The fact that scoring increases over the course of a match that doesn't tell us whether teams' ability to score in the first half makes it more or less likely that they will score in the second half. In fact, you might think it could go either way: if the odds of scoring increase with every minute, then you might assume that teams that failed to score in the first half would become more likely to score in the second half (since they haven't yet made good on the overall statistical tendency). But alternatively, if you are a believer in the hot hand idea, you might think that teams that score early become more likely to score again. If teams get into a rhythm of playing (and then scoring), this would mean that we should be able to see something akin to a "hot foot" phenomenon (or perhaps momentum at the team level) in soccer.

To see if there is momentum in football, we would ideally like to have data for each goal's timing across the course of the match. I don't have these data handy at the moment, but perhaps the next best thing; namely, first and second half goal totals for each team and match. To make things systematic, I used as much data as I could quickly put together. So using match data for 5 seasons of the 4 biggest leagues in Europe (from 2005/06 - 2009/10), I wanted to see if the number of second half goals teams score go up, go down, or stay the same depending on how many goals they scored in the first half.

Keep in mind that the average team across the four leagues scores .58 goals per match in the first half and .74 goals in the second half. There is a slight bit of variation across the leagues, as the following graph shows. Overall, there was more scoring in the Bundesliga than in the other three leagues, but each league sees a difference of between .14 and .18 between the halves.

But back to hot footedness. If there is something to the momentum idea, then the number of second half goals should increase with the number of first half goals. But if not scoring early makes scoring later more likely, then we should see the reverse: fewer first half goals should be associated with more second half goals. And if it's all, well, humbug and logically flawed, then we should see random patterns across leagues. So here's what the data look like when we calculate the number of second half goals in a match by the number of first half goals a team managed to score in the same match. Judge for yourself.
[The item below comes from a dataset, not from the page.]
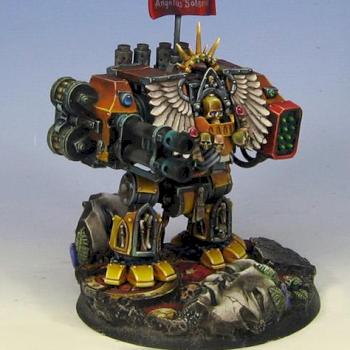 Blood Angels splinter chapter Dreadnought: Angels Solarus by Wappellious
If you ask me, the picture shows something that looks like momentum in three of the four leagues. With the exception of Serie A (which had some funny looking scores in the mid-2000s, you may remember), there is an upward trend in second half scoring depending on how many goals a team scored in the first half. Teams that score a goal in the first half score more goals in the second half than teams that did not; teams that scored two in the first half score more than teams that scored just one, and so on. Keeping in mind that there are very few matches that saw four or five first half goals, it is interesting to see that there is a general upward trend across the board from 0 to 3 first half goals in the Bundesliga, the Premier League, and La Liga. The trend is most pronounced in the EPL, but also noticeable in the other two. In slight contrast, in Serie A we also see that teams that scored 2 in the first half score more than teams that scored none or one. However, teams that scored 3 or 4 in the first half (admittedly only a small fraction of teams - 2.13% to be exact) score less than teams that scored between 0 and 2.

So how do we explain this? Is this simply an expression of dominant teams that are able to score 2 goals in the first half being able to add to this in the second half? Not necessarily. Just for fun, I picked out four teams, two great and two less great ones: Chelsea, Man United, Sunderland, and Wigan. Here's what their first and second half totals look like.

This graph shows that there are indeed interesting differences across teams; but 3 of the 4 teams, the two less successful teams included, have a pattern of scoring more later if they've scored earlier in the match - though of course the goal totals differ between Chelsea and Sunderland, for example. The curious exception is Manchester United, which has the opposite pattern. During the five seasons included in the data here, United were less likely to score in the second half, the more they had scored i the first half.

Not sure what to make of it all, but I thought it was a fun "soccer by the numbers" thing to share and think about. What's interesting about it to me is the fact that it goes against research, which suggests that teams become behave more defensively when they're ahead, and that teams become more likely to score when they are losing. How we may be able to resolve these inconsistencies is an interesting question I hope to get to before too long.